小袋成彬 分離派の夏 エピック(2018)

 「音楽ビジネスに強い閉塞感がある今の日本では、キャッチーで踊れて口ずさめる音楽が重宝されていて。プロデューサーとしてもそういうものが求められますし、アーティストとしてもそういう音楽を作らないとリスナーに見向きもされないんですよね。ただ、そのことは重々承知のうえで、僕はその戦いでしのぎを削る気がまったく起きなかった。なぜなら、自分が愛する音楽のほとんどはそういう発想から生まれていないし、僕も自分のためだけに音楽を作るべきだなって思ったんですよ。そして、今回の作品を作るにあたってはプロデューサー的な発想を捨てることができたので、プロデューサーの彼女(宇多田)に対して自分はシンガー・ソングライターに徹しながら、彼女がJ-Popの最前線で20年間に渡って培ってきたメソッドを教わりました」。

 26年の人生を通じて熟成された記憶の澱を漉しながら、紡ぎ出したメロディーと言葉。それ単体ではフォーク的にも響く歌を主軸に、音楽的には宇多田をヴォーカルに迎えた“Lonely One”をはじめ、現行のR&Bやトラップ以降のビートとフロウ、ミニマルにして芳醇なアレンジメントが耳新しく響く。

 「リズムに関しては、2拍目と4拍目にスネアが入るバック・ビートから脱却したくて、ビートレスな曲を作ったりもしましたし、“E. Primavesi”ではドラムを叩いてくれたクリス・デイヴに助けられたところもあります。あと、この1年半ほどはクラシックをかなり聴いてきていて。〈この音とこの音を合わせると、こういう音になる〉という発想だったり、オペラ以外の言葉がない、声だけの表現で激しく感情を揺さぶられたり。その良さがようやくわかってきて、コラール(賛美歌)をモチーフにした“Game”や“門出”における現代音楽的なストリングスのアプローチは、そうした音楽の先人から学んだことが大きいですね」。

 自身の思いを代弁するかのように2曲でフィーチャーした2人の友人の語り、ハイからロウ、オートチューンまでをも駆使したヴォーカル・アプローチが言葉の存在を強く意識させる本作は、フィクションとノンフィクションの際の歌詞世界が孤独感を浮き彫りにする。
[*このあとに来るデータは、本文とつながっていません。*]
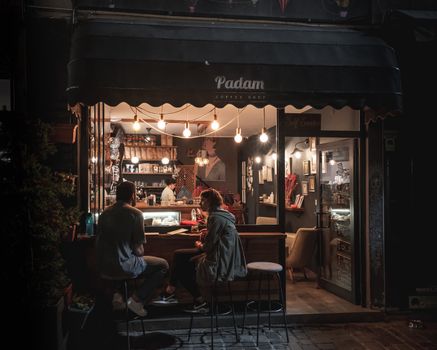 Charming night scene at Padam Coffee Shop with people enjoying a warm atmosphere in Ankara, Turkey.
それをどう捉えるかは聴き手次第だ。

 「自分は新しいものが好きなので、音楽面ではいろんなことに挑戦しようとは思っていましたけど、自分のなかで新しいかどうかが重要であって、それが世界の音楽シーンにおいて新しいかどうかはまったく意識しませんでした。それに対して、歌詞は自分にとっての慰みというか、意味のわからなかった出来事や感情のうねりを一度自分の言葉で整理して、自分自身を納得させる作業で。だから、これも聴き手を意識したものではなかったんです。今、まさに読んでいる金井美恵子さんの小説『カストロの尻』で谷崎潤一郎の一節が引用されていて、それが(楽曲制作に対しての)今の僕の心情を表しているなと思ったんですけど、要約すると、〈自分だけの世界に閉じ篭っていられるありがたさにつくづくうっとりする〉と。恐れ多いですけど、共感するものが大いにあるんですよね」。

 


小袋成彬
91年生まれのシンガー・ソングライター。ヴォーカルを担当した男性2人組ユニット、N.O.R.Kとして2014年に初のミニ・アルバム『ADSR』を発表。その後、音楽レーベルのTokyo Recordingsを設立し、水曜日のカンパネラやiri、宇多田ヒカル、adieuらの作品にプロデュース/楽曲提供/ヴォーカリストとして携わる。今後は宇多田ヒカル&小袋成彬として椎名林檎のトリビュート盤に参加するほか、〈GREENROOM〉〈ARABAKI ROCK FEST.〉〈フジロック〉などフェスにも多数出演予定。“Lonely One feat. 宇多田ヒカル”“042616 @London”“Selfish”“Summer Reminds Me”の先行配信に続き、このたびソロ名義のファースト・アルバム『分離派の夏』(エピック)をリリースしたばかり。